# vip 222k resetting



## stevesxm (Dec 10, 2016)

good morning,
I am a well experienced dishnet tech. recently had a 222k start resetting continuously i.e. start up screen for 5 sec, signal screen for 5 sec , black screen for 5 mins then start up screen again and repeats forever. did all the usual stuff and no success. it sounds like a power supply problem on the main board to me but , because these boxes are so cheap , I have never tried to fix one but am thinking about trying on this one. anyone have any idea what this problem might be specifically ? there are no cables hooked up except the video to the tv so its not a shorted cable anywhere.


----------



## EdJ (Jan 9, 2007)

I also have the VIP 222K receiver. I have a similar problem that I have not been able to isolate to the TV or DISH receiver. If I turn off the TV, and a bit later turn it back on, the screen will repeatedly blank off and on the with the same DISH HD channel as was on when I initially turned off the TV. If I turn off the TV (LG HD) for about 30 seconds and then turn back on, it usually will still fail. After repeating the TV off and back on about 2-3 times, it will work great. So far, it has been a relatively infrequent failure. Not enough bother to go to the trouble of moving another TV onto the DISH receiver to see if it still fails.


----------



## stevesxm (Dec 10, 2016)

my tv works fine with any other box and box repeats the issue regardless of which tv. so in my case its not tv related at all


----------



## Fred Hug (Oct 20, 2017)

stevesxm said:


> good morning,
> I am a well experienced dishnet tech. recently had a 222k start resetting continuously i.e. start up screen for 5 sec, signal screen for 5 sec , black screen for 5 mins then start up screen again and repeats forever. did all the usual stuff and no success. it sounds like a power supply problem on the main board to me but , because these boxes are so cheap , I have never tried to fix one but am thinking about trying on this one. anyone have any idea what this problem might be specifically ? there are no cables hooked up except the video to the tv so its not a shorted cable anywhere.


----------



## Fred Hug (Oct 20, 2017)

Did you ever fix your receiver from resetting? I have the exact same problem. I heard it was related to the unit overheating and an auxiliary usb fan might help.


----------



## P Smith (Jul 25, 2002)

1) check power rails coming from internal power supply and scattered VR (linear and buck type) with DMM and o-scope for noise and ripples
2) measure temp of CPU and tuner/demods chips


----------



## satcrazy (Mar 16, 2011)

EdJ said:


> I also have the VIP 222K receiver. I have a similar problem that I have not been able to isolate to the TV or DISH receiver. If I turn off the TV, and a bit later turn it back on, the screen will repeatedly blank off and on the with the same DISH HD channel as was on when I initially turned off the TV. If I turn off the TV (LG HD) for about 30 seconds and then turn back on, it usually will still fail. After repeating the TV off and back on about 2-3 times, it will work great. So far, it has been a relatively infrequent failure. Not enough bother to go to the trouble of moving another TV onto the DISH receiver to see if it still fails.


Did you fix the problem?
Repeatedly on /off the TV will eventually tick off the TV.


----------



## EdJ (Jan 9, 2007)

My VIP222K still fails with the same HD issue "sometimes".... It is irritating, but not enough to attempt replacing or upgrading yet. 
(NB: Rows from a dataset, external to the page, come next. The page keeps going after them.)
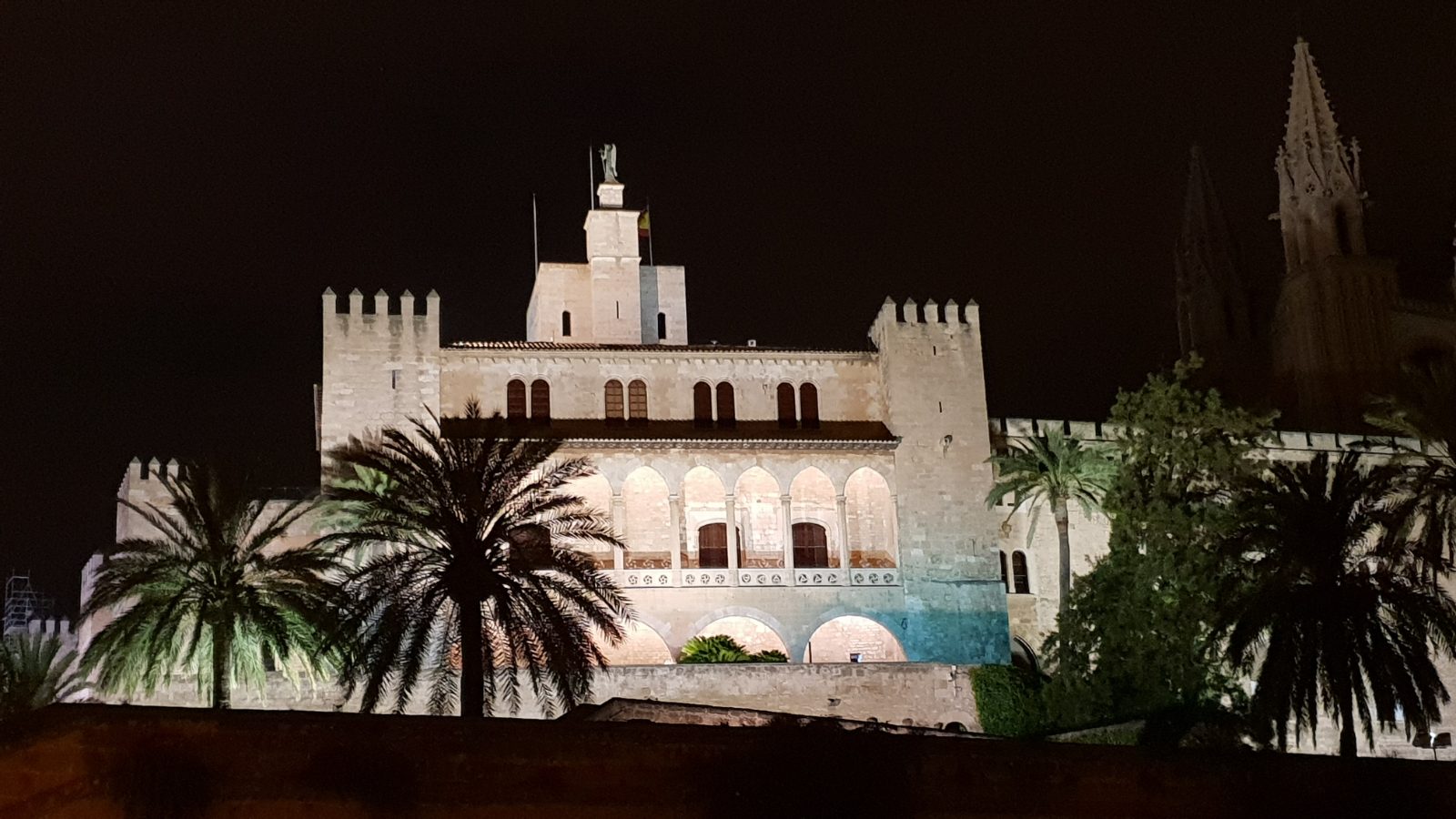 Palma Bild 9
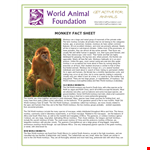Create Professional Fact Sheets for Monkeys and Other Animals - Fact Sheet Template example document template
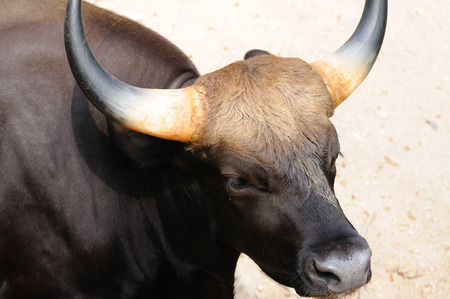 Close up of single gaur in public zoo.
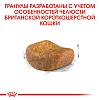 Роял Канин БРИТАНСКАЯ КОРОТКОШЕРСТНАЯ сухой корм для кошек породы британская короткошерстная,  4кг, ROYAL CANIN British Shorthair
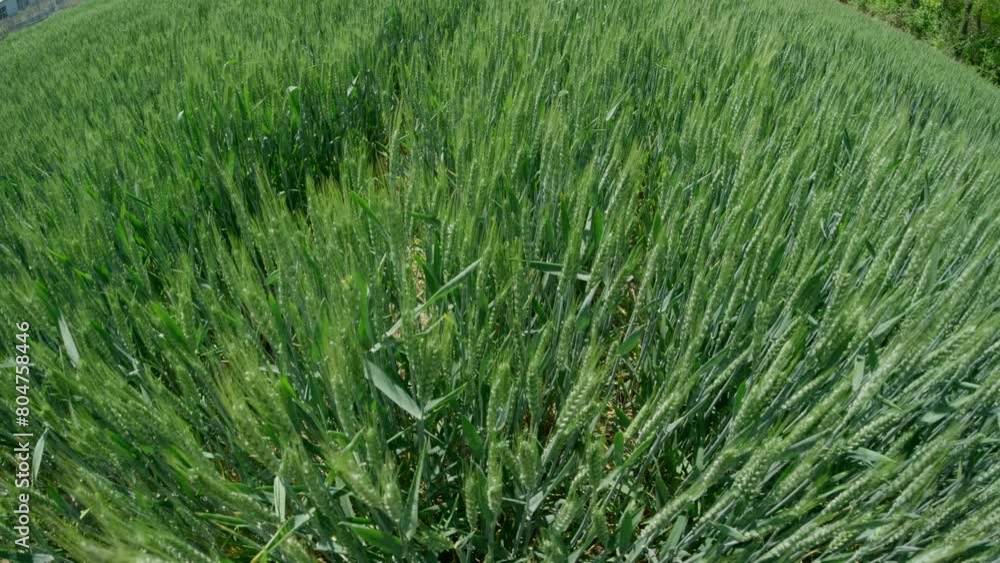 Tranquil green rural wheat fields in Shandong, China, with plants Tranquil green rural wheat fields in Shandong, China, with plants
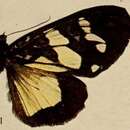 Image of Heraclia gruenbergi Wichgraf 1911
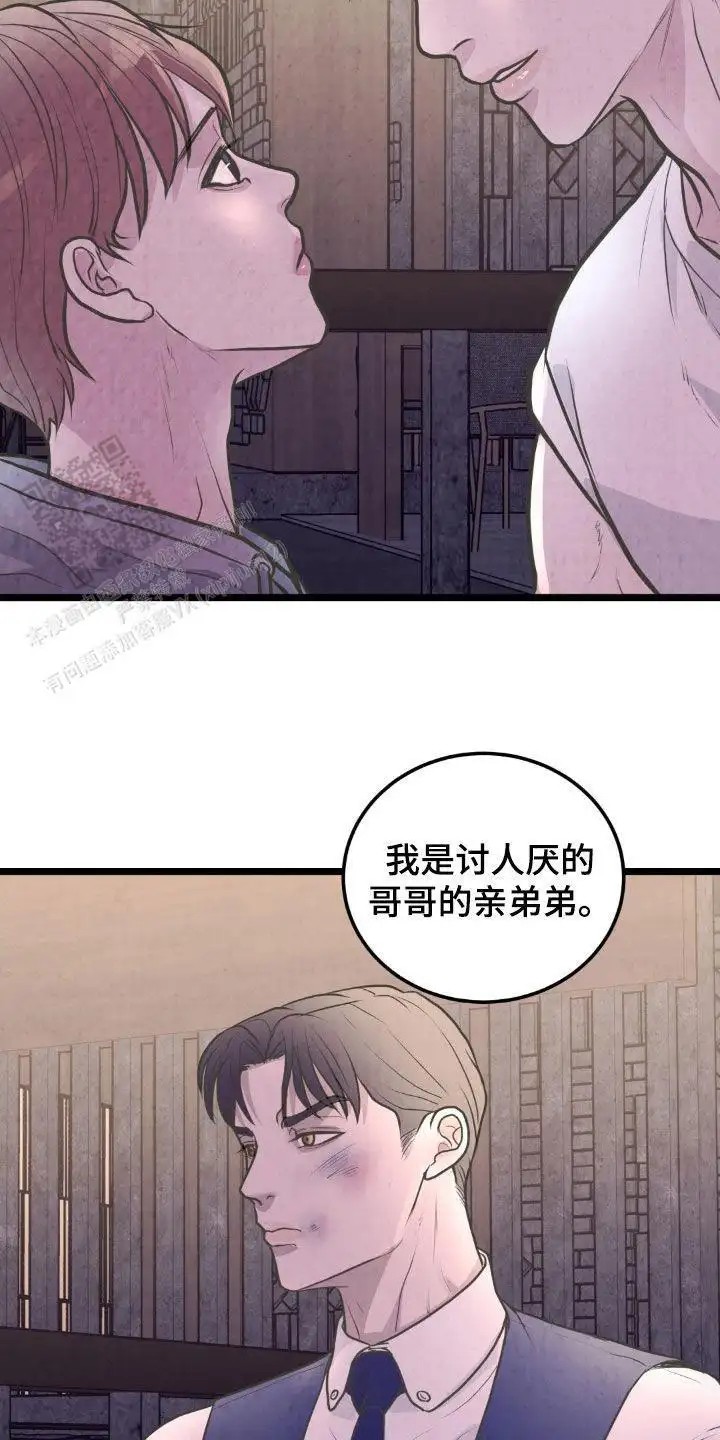 24.jpg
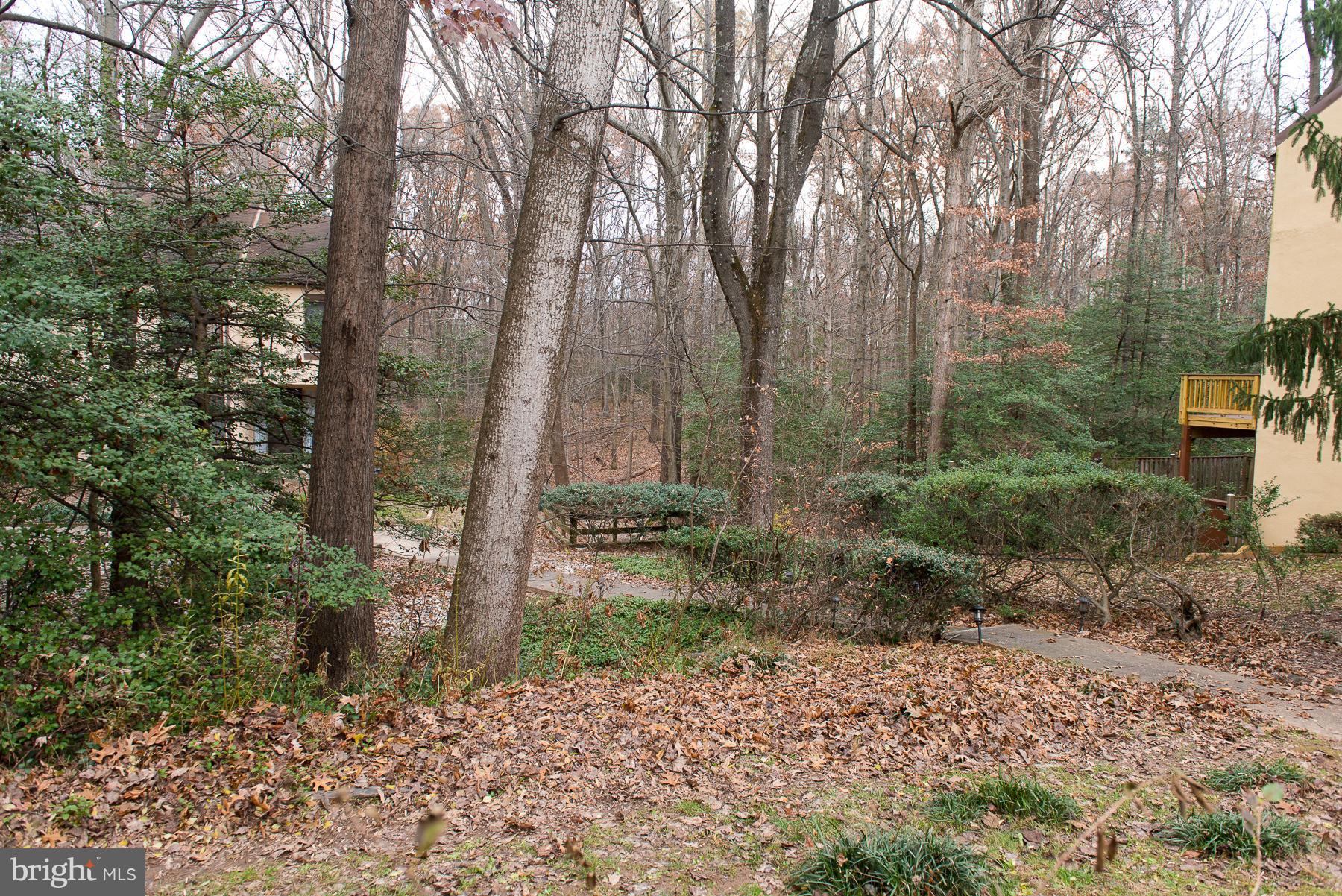 2358 Soft Wind Court Reston, VA 20191 - Photo 28 of 34 Front entrance view, looks out to Nature Preserve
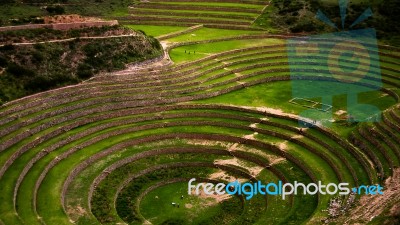 Terraces Of Cultivation In The Sacred Valley Of The Incas, Peru Stock Photo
We have had this receiver for the past 6 years or so. I guess it is getting OLD. I now also get intermittent problems with the VHF (Ch 12) from the outside antenna. The signal displayed on the TV out of the DISH Rcvr that indicates it is a low level. All the other UHF channels (34,40,etc) are OK. In reality the VHF channel is the strongest signal in the area, but the DISH Rcvr is having issues dealing with the VHF frequency apparently.


----------



## crodrules (Nov 21, 2016)

EdJ said:


> My VIP222K still fails with the same HD issue "sometimes".... It is irritating, but not enough to attempt replacing or upgrading yet.


Just an FYI: Dish will no longer be sending ViP222k's as replacements. If you order a replacement, you would get a ViP722k with the hard drive removed. Functionally, it would still work the same as a ViP222k, though.


----------



## EdJ (Jan 9, 2007)

crodrules said:


> Just an FYI: Dish will no longer be sending ViP222k's as replacements. If you order a replacement, you would get a ViP722k with the hard drive removed. Functionally, it would still work the same as a ViP222k, though.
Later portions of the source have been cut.